Maar het morsige imago past ook minder bij de Nederlandse journalist. In de halve eeuw van verzuilde kranten was de archetypische verslaggever – althans in de beeldvorming – eerder volgzaam dan brutaal, zij het soms inderdaad in kennelijke staat. Sinds pakweg 1966, niet toevallig het jaar waarin de School voor de Journalistiek in Utrecht begon, is hij zelfbewuster geworden, professioneler, en na enige tijd ook afhankelijker. Beter, zou je zeggen.

We vertrouwen wat we kennen
Het groeiende wantrouwen jegens de pers van de afgelopen tien jaar blijft merkwaardig. De pers maakt niet meer fouten dan dertig jaar geleden, waarschijnlijk zelfs minder, maar wat ze misdoet wordt meer dan ooit uitvergroot – omdat de assertieve burger en gemaltraiteerde politicus de weg weten te vinden naar de rechter en de Raad voor de Journalistiek, omdat media hun eigen fouten openlijker toegeven en onderzoeken, en omdat internet zijn eigen watchdogs voortbracht.

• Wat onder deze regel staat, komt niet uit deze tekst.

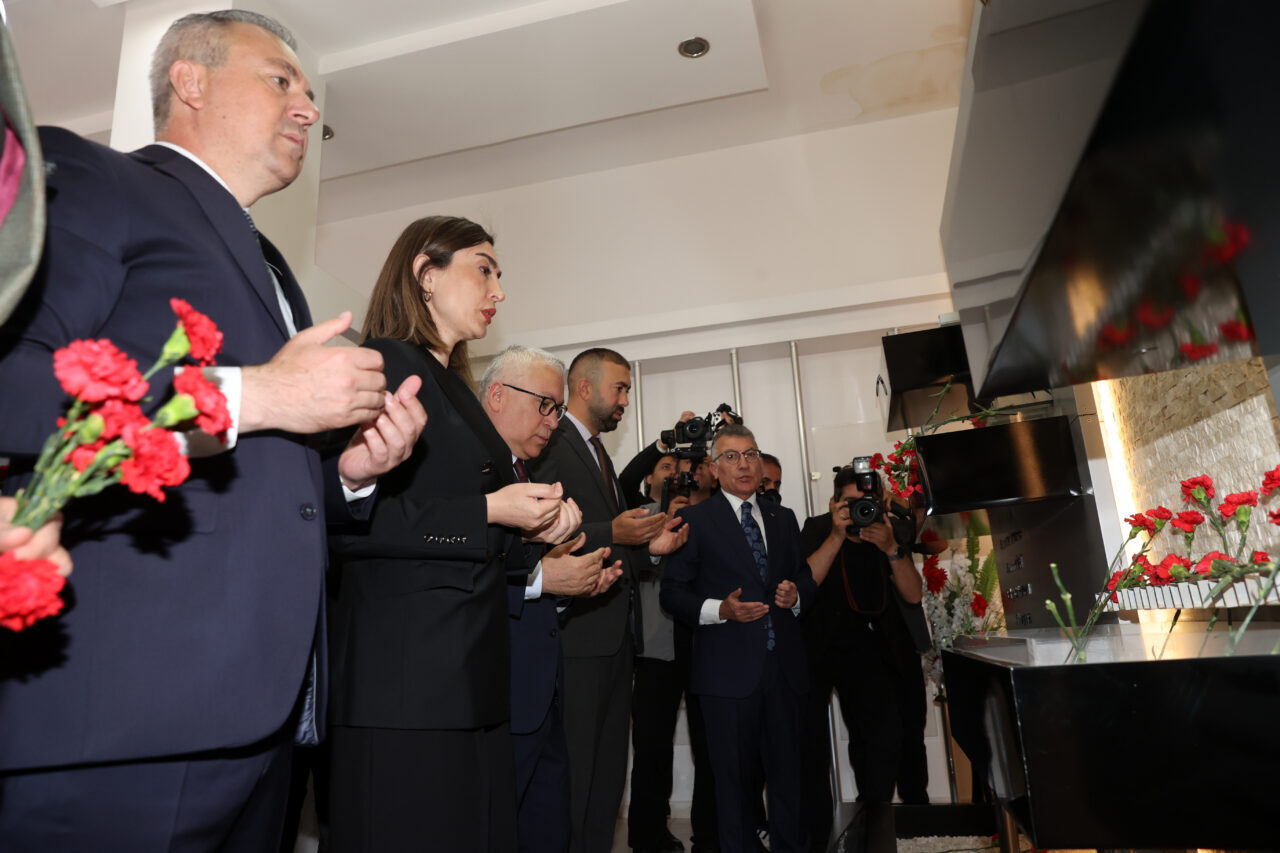 - Vali Yılmaz Şimşek, AK Parti TBMM Grup Başkanı Abdullah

Het oude vertrouwen in de pers is met de jaren gegroeid. Hoe langer een relatie duurt, hoe groter de kans dat je iets of iemand vertrouwt, of in elk geval – de rechercheur en zijn verklikker – denkt te weten in welke mate je iemand kunt vertrouwen. Het oude vertrouwen in media moest wel een resultaat zijn van het schier levenslang lezen van een dagblad, of van het rituele Journaal-kijken.

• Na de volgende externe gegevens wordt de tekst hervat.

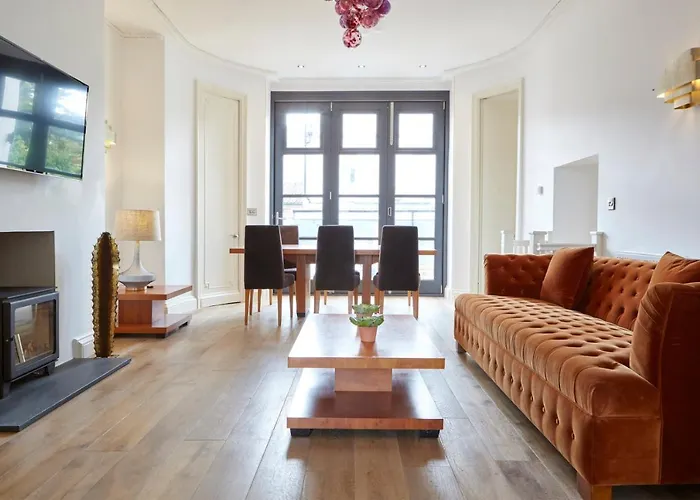 Redcliffe Parade No11 I Centre * Bristol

Logisch dat steeds meer mensen de pers wantrouwen als steeds minder mensen die pers dagelijks volgen, of denken dat er geen andere journalisten zijn dan tv- en roddelbladenpaparazzi. Toegegeven, de redenering is verdacht simpel. Het wantrouwen in de media groeit niet omdat we gemiddeld vinden dat de pers slecht werkt, maar omdat we gemiddeld minder kranten lezen. Wat we niet kennen, vertrouwen we niet; sterker nog: wat we niet kennen – vreemd eten, vreemde gewoontes -, beladen we met wantrouwen. We zetten ons af even tegen wat we niet kennen. Daar wordt het wij-gevoel en de sociale structuur sterker van.

Kranten die niet worden vertrouwd hebben dus wel een probleem, maar misschien een ander dan ze dachten. De mogelijkheden om hun oplage te verhogen zijn niet geweldig groot, maar ze kunnen via nieuwe media wel hun imago versterken. Dat is geen nieuwe gedachte – internet als marketingkanaal is het oudste online verdienmodel – maar misschien kunnen media er slimmer en bewuster mee omgaan.

Zand en klei
Vertrouwen moet telkens worden bevestigd. Albert Heijn en Volvo moeten elke dag bewijzen dat ze het waard zijn. Maar de manier waarop de indruk van betrouwbaarheid, het imago, wordt vastgelegd en in stand wordt gehouden, veranderd in een digitale cultuur omdat informatie – waarvan “vertrouwen” is gemaakt – nu eenmaal een andere structuur heeft – zoals los zand zich anders gedraagt als een klomp kneedbare klei.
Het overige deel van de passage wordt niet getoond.